# [What is expected]
Please output the following records exactly. Leave every image out.

Captioned web images
────
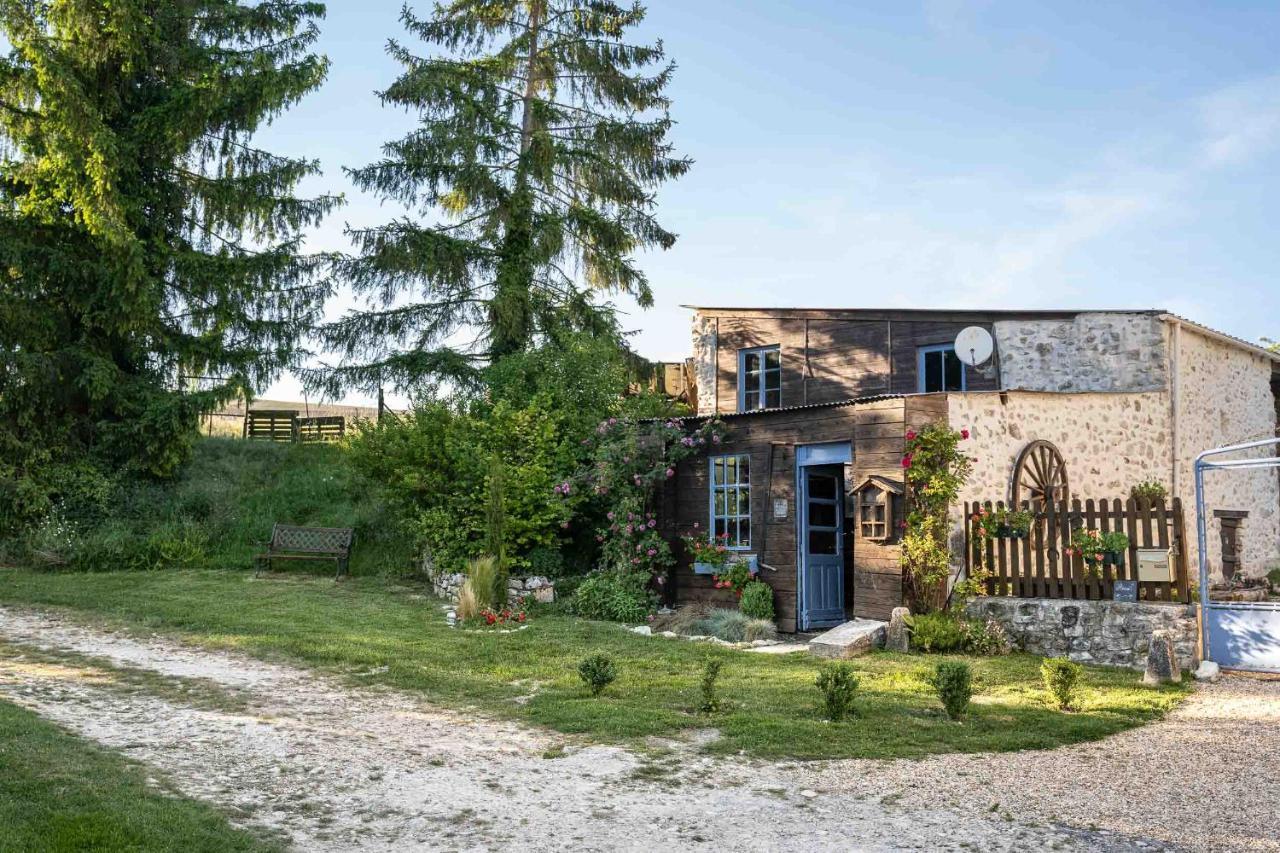 Les Bories En Champagne Villa Montlevon Exterior foto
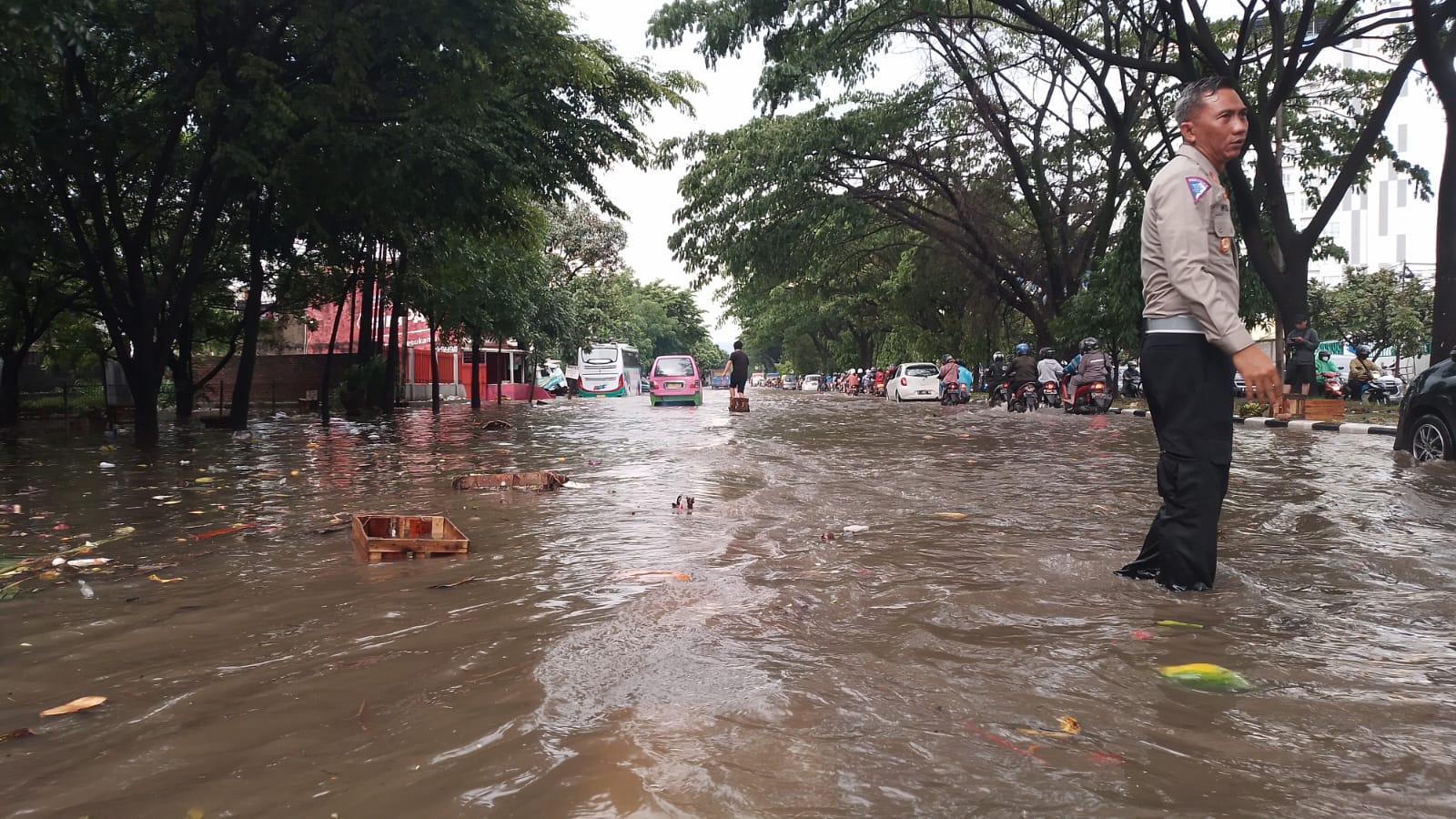 Persoalan banjir di Kota Bandung, terutama di kawasan Pasar Induk Gedebage masih kerap menghantui masyarakat.
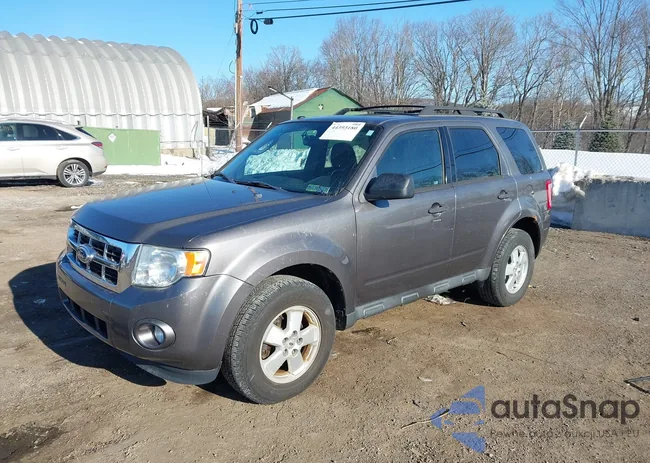 1FMCU0D7XBKB09352: 44393180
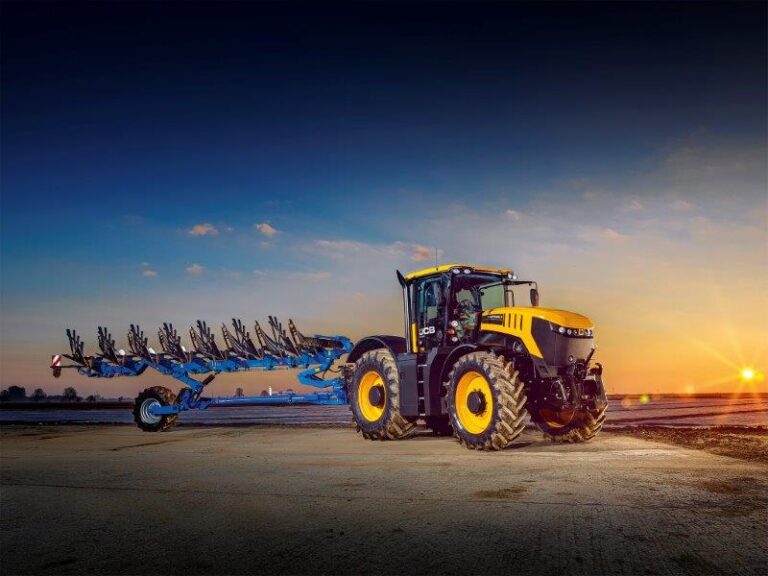 LA NUEVA SERIE FASTRAC 8000 DE JCB SE MUESTRA POR PRIMERA VEZ EN AGRITECHNICA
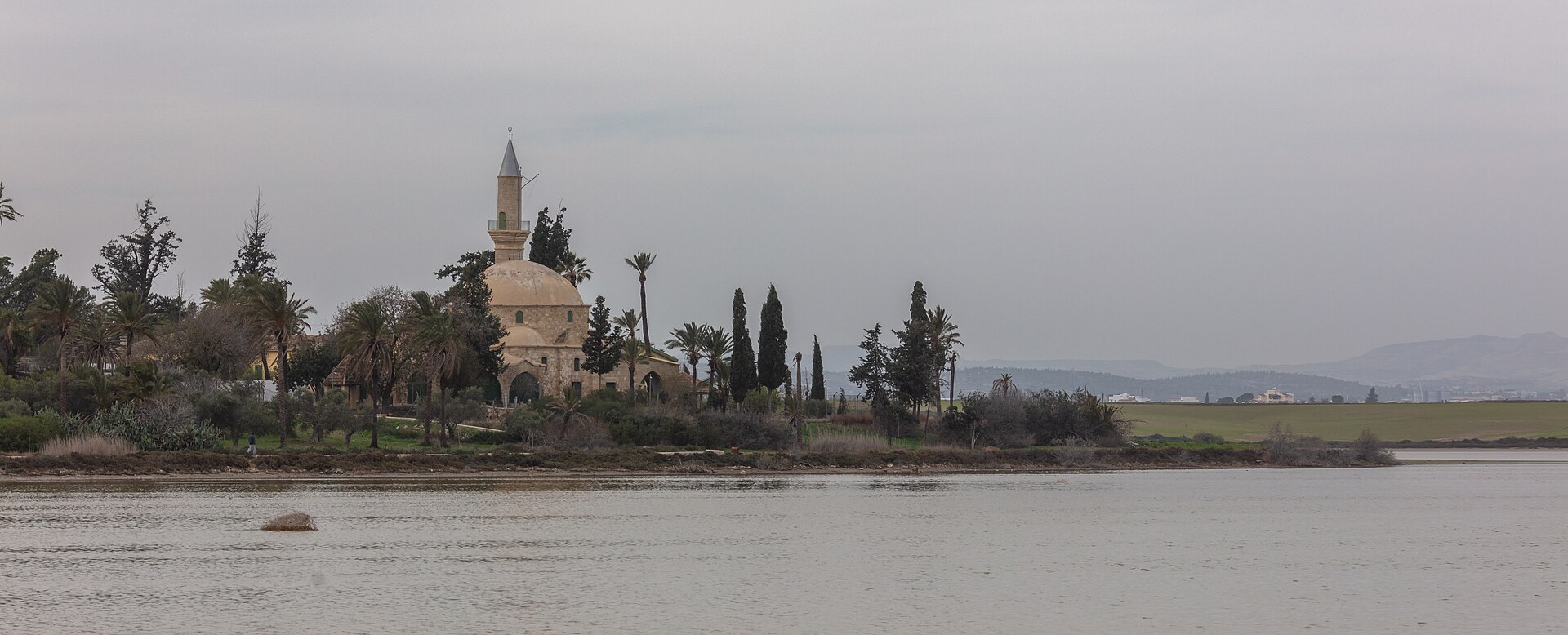Hala Sultan Tekke-moskén vid saltsjön utanför Larnaca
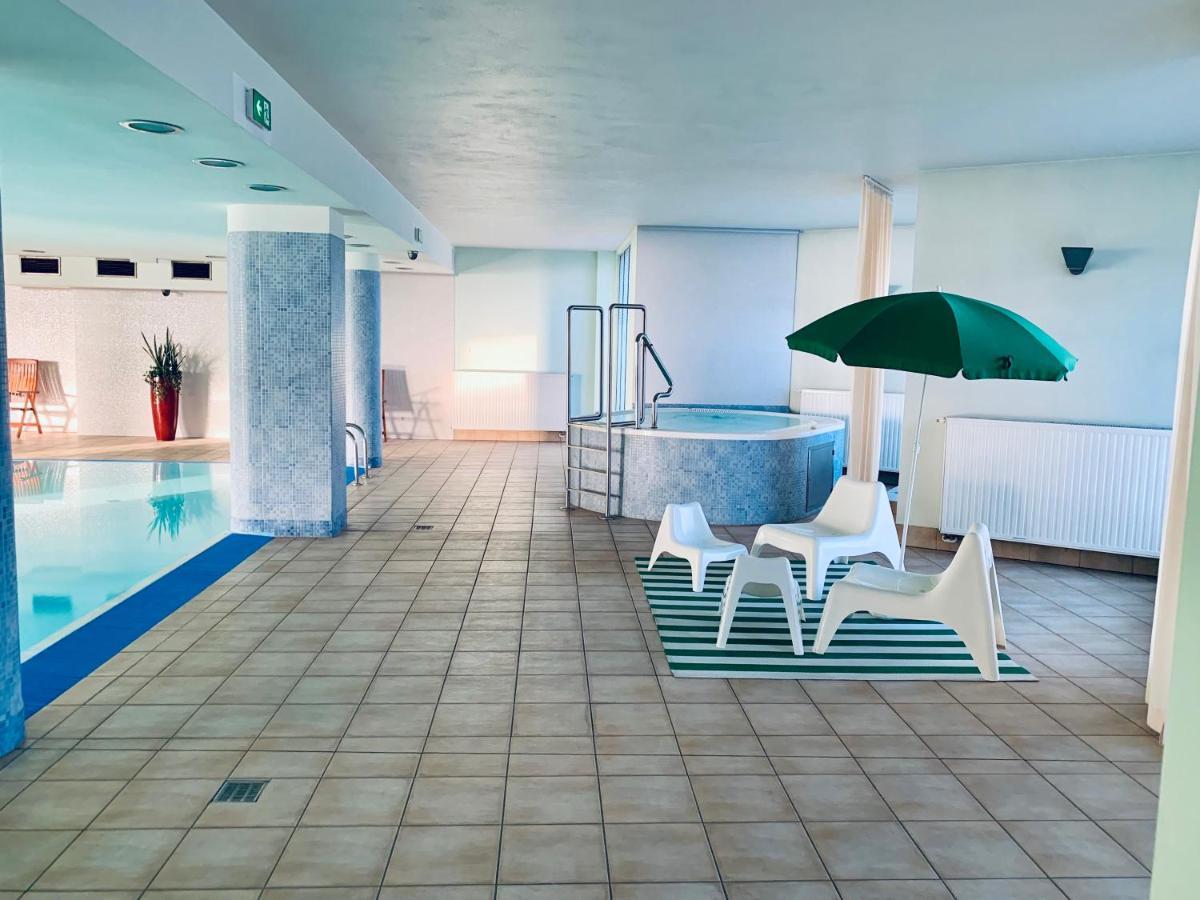 City View Wellness Apartment Swim&Steam&Relax Krakow Bagian luar foto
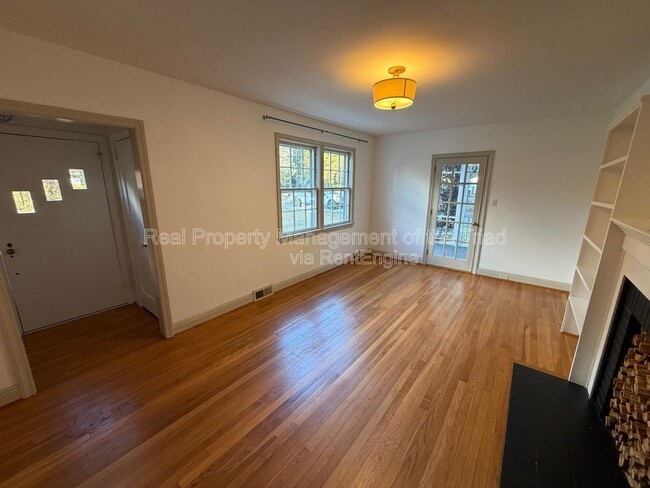 Building Photo - 7530 Shallowford Rd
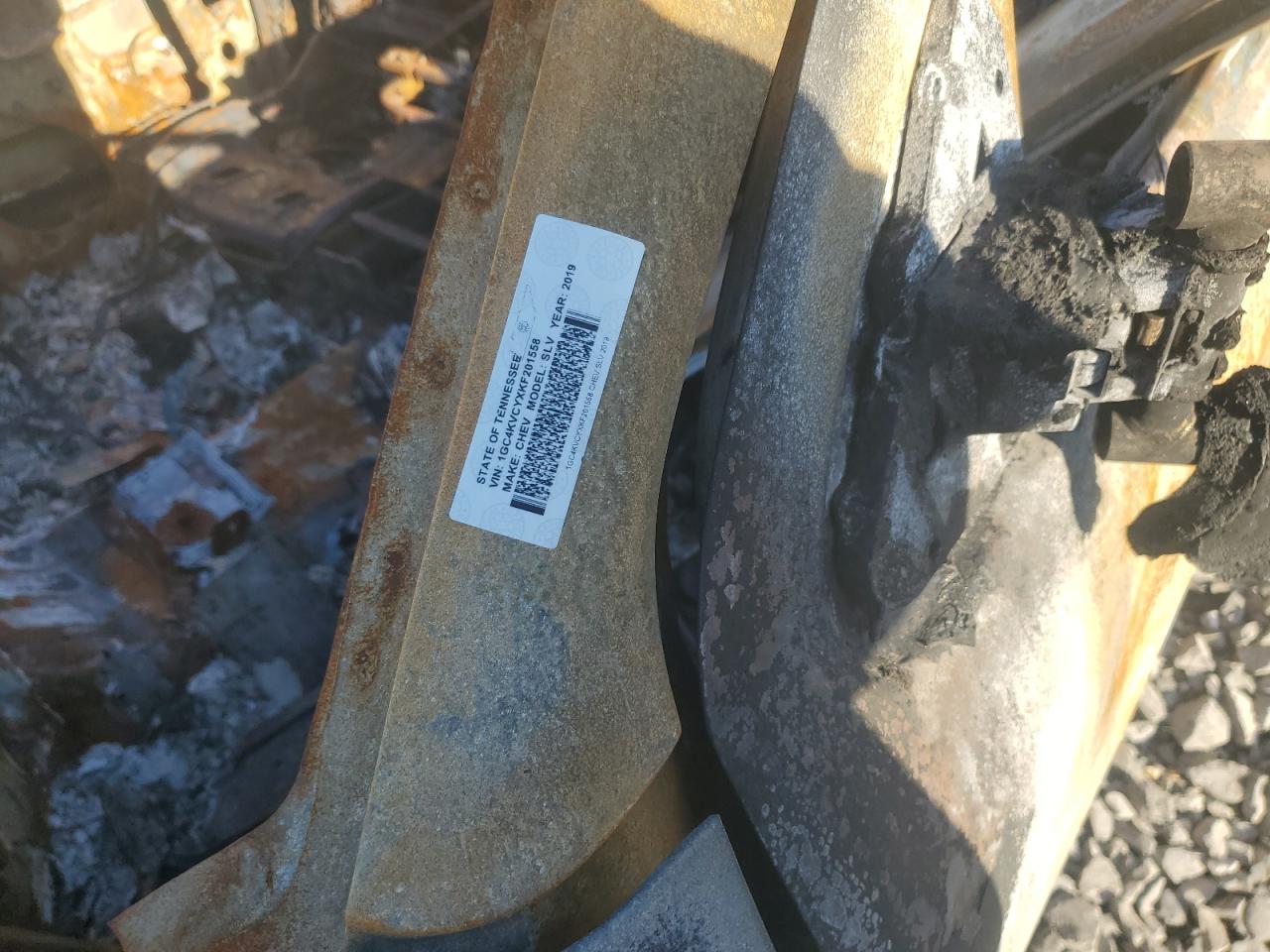 2019 Chevrolet Silverado VIN 1GC4KVCYXKF201558 Copart auction photo, burn / replaced vin damage thumbnail 9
────
# [Task output]
 Les Bories En Champagne Villa Montlevon Exterior foto
 Persoalan banjir di Kota Bandung, terutama di kawasan Pasar Induk Gedebage masih kerap menghantui masyarakat.
 1FMCU0D7XBKB09352: 44393180
 LA NUEVA SERIE FASTRAC 8000 DE JCB SE MUESTRA POR PRIMERA VEZ EN AGRITECHNICA
Hala Sultan Tekke-moskén vid saltsjön utanför Larnaca
 City View Wellness Apartment Swim&Steam&Relax Krakow Bagian luar foto
 Building Photo - 7530 Shallowford Rd
 2019 Chevrolet Silverado VIN 1GC4KVCYXKF201558 Copart auction photo, burn / replaced vin damage thumbnail 9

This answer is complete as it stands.